Give again exactly the lines that run from the start of the records to the line holding "Tucked away in", both ends counted. Do not include the pictures.

__Records for processing__
================

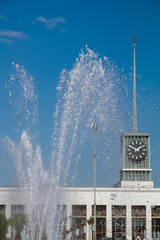 station building on the background of the fountain on a sunny summer day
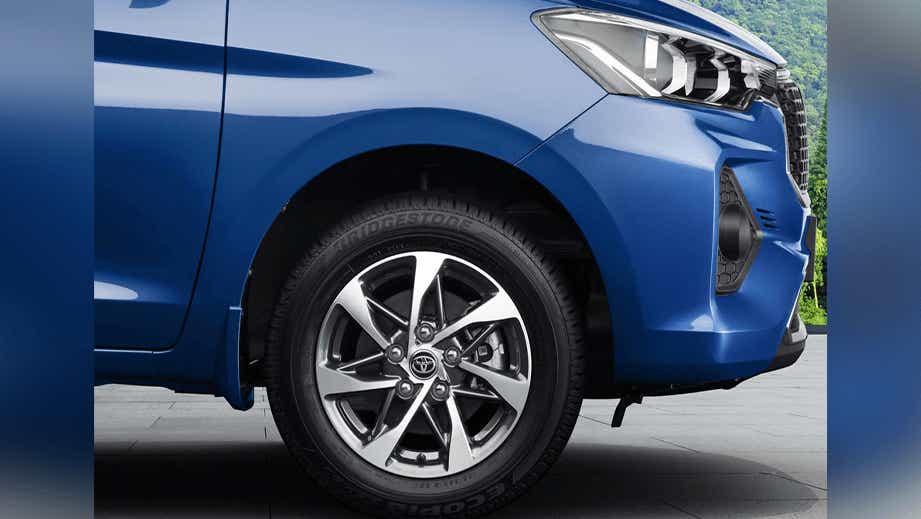 Front wheel and headlight area of a Spunky Blue Toyota Rumion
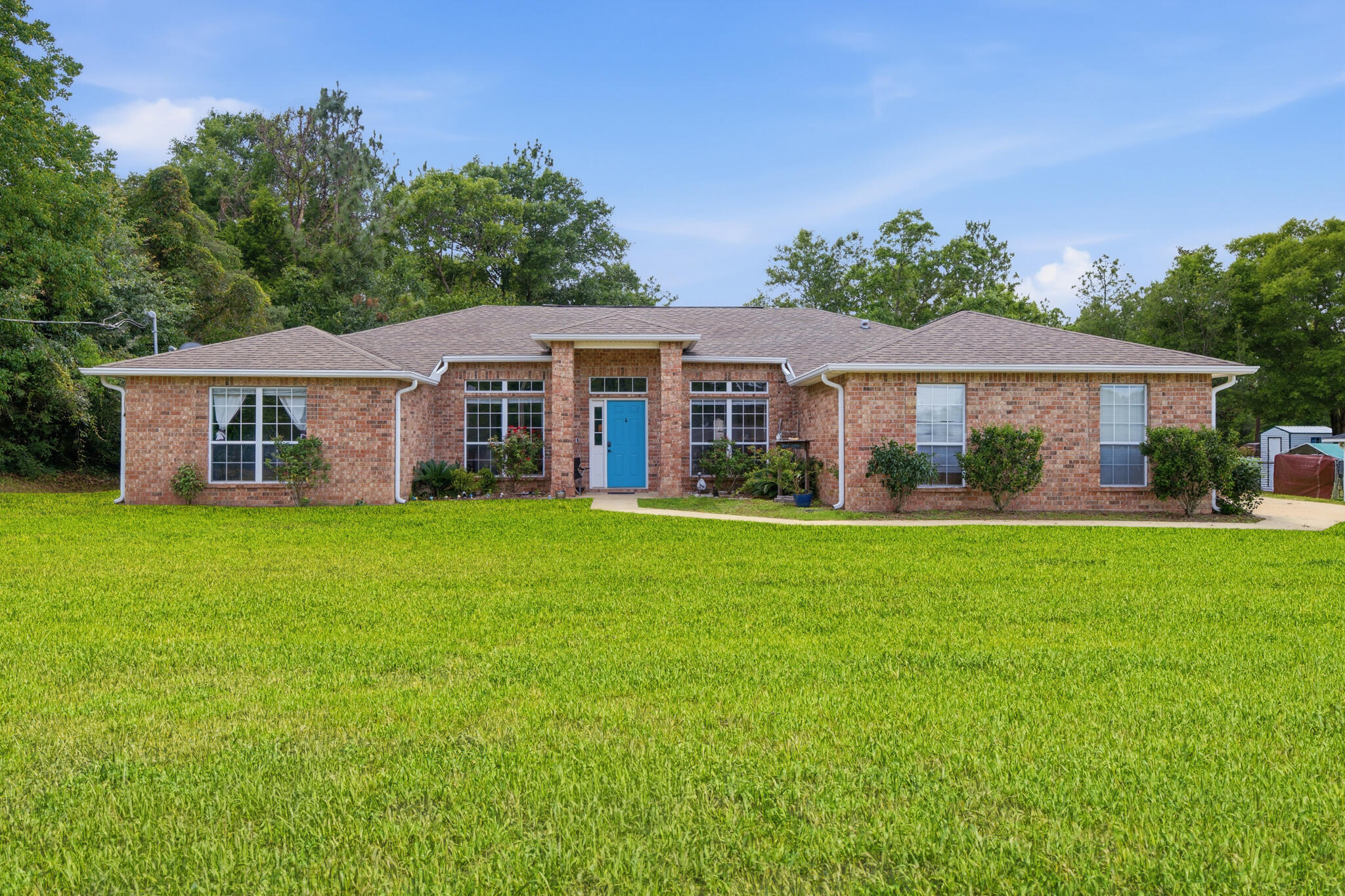Tucked away in Silver Springs Estates in North Crestview, this spacious 4-bedroom, 2-bath home offers something that's surprisingly hard to find in Florida: rolling hills, mature trees, and a sense of space both inside and out.

Situated on a generous 0.64-acre lot, this property provides room to spread out while still being conveniently located to everything Crestview has to offer. From the moment you arrive, you'll notice the natural elevation changes throughout the neighborhood, creating a setting that's both unique and picturesque.

Inside, the split floor plan is designed for comfortable everyday living. You'll find a dedicated office, formal dining room, and an open-concept living area that flows seamlessly into the kitchen. Granite countertops, a center prep island, matte black Samsung appliances, and a large corner pantry make the kitchen both functional and inviting.

The private primary suite serves as a relaxing retreat with an updated bathroom featuring a tiled walk-in shower with glass enclosure, dual walk-in closets, and additional storage space. Wood-look flooring and tile throughout the main living areas add both style and durability.

Step outside and discover one of the home's most impressive features. The backyard extends approximately 150 feet beyond the patio, creating an outdoor space that's rarely found at this price point. Mature trees, a fire pit area, and plenty of room for entertaining, gardening, pets, or simply enjoying the  privacy make this property feel even larger than its already generous lot size suggests.

If you've been searching for a home with space, functionality, and value, this may be the opportunity you've been waiting for.

Short sale. Sale is subject to lender approval.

================

__Your response__
 station building on the background of the fountain on a sunny summer day
 Front wheel and headlight area of a Spunky Blue Toyota Rumion
Tucked away in Silver Springs Estates in North Crestview, this spacious 4-bedroom, 2-bath home offers something that's surprisingly hard to find in Florida: rolling hills, mature trees, and a sense of space both inside and out.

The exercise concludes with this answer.